At that moment Alleyn liked her very much. “I won’t tell him,” he said carefully, “unless I have to. And for your part, I’ll be obliged if you don’t tell him, either.”

“I’m not likely to, am I? And anyway, I don’t quite see why the promises about this letter should all be on my side.”

“It may be important.”

“All right, but I can’t think how. You’ve got it. Are you going to use it in some way?”

“Not if it’s irrelevant.”

“I suppose it’s no good asking you to give it back to me.
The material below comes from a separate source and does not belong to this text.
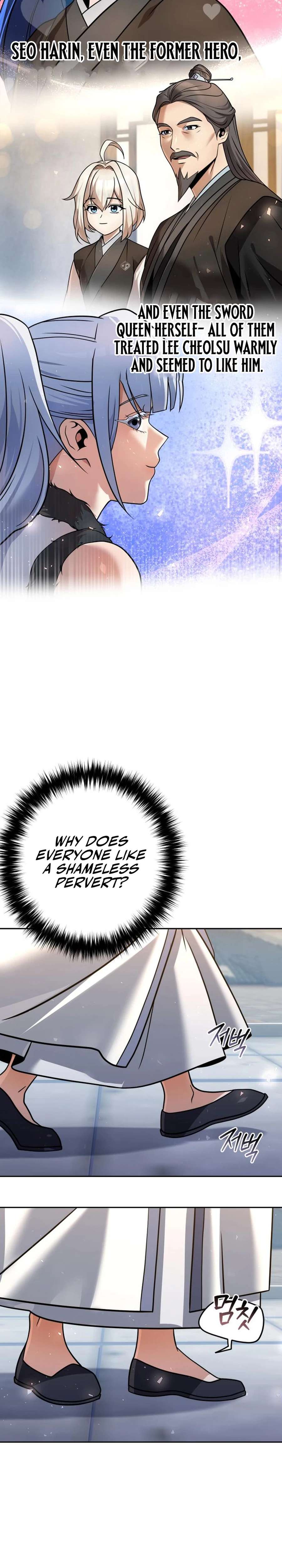 The Second Eunuch Regains His Manhood Chapter 38 18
No, I can see it’s not.”

“It isn’t, really, Désirée,” Alleyn said, using her name for the first time. “Not till I make quite sure it’s of no account. I’m sorry.”

“What a common sort of job you’ve got. I can’t think how you do it.” She gave one of her harsh barks of laughter.

He looked at her for a moment. “I expect that was a very clever thing to say,” he said. “But I’m afraid it makes no difference. Good-bye. Thank you again for my lunch.”

When he was in the car he said: “To Ribblethorpe. It’s about five miles, I think. I want to go to the parish church.”

It was a pleasant drive through burgeoning lanes. There were snowdrops in the hedgerows and a general air of freshness and simplicity. Désirée’s final observation stuck in his gullet.

Ribblethorpe was a tiny village. They drove past a row of cottages and a shop-post-office and came to a pleasant if not distinguished church with a big shabby parsonage beyond it.

Alleyn walked through the graveyard and very soon found a Victorian headstone to frances ann patricia, infant daughter of alfred molyneux piers period esquire and lady frances mary julia, his wife. she is not dead but sleepeth. Reflecting on the ambiguity of the quotation, Alleyn moved away and had not long to search before he found carved armorial bearings exactly similar to those in Mr. Period’s study. These adorned the grave of Lord Percival Francis Pykke, who died in 1701 and had conferred sundry and noble benefits upon this parish. The name recurred pretty regularly up and down the graveyard from Jacobean times onward. When he went into the church it was the same story. Armorial fish, brasses and tablets all confirmed the eminence of innumerable Pykes.

Alleyn was in luck. The baptismal register was not locked away in the vestry but chained to a carved desk, hard by the font. In the chancel a lady wearing an apron and housemaid’s gloves was polishing brasses. Her hat, an elderly toque, had been, for greater ease, lifted up on her head — giving her a faint air of recklessness. He approached her.

“I wonder,” Alleyn said, “if I may look in the baptismal register? I’m doing a bit of extremely amateurish research. I’ll be very careful.”

“Oh, rather!” said the lady, jollily. “Do. My husband’s over at Ribblethorpe-Parva with the Mothers, or he’d help like a shot. I don’t know if I—”

“Thank you so much but it’s really quite a simple job,” Alleyn said hastily. “Just a family thing, you know.”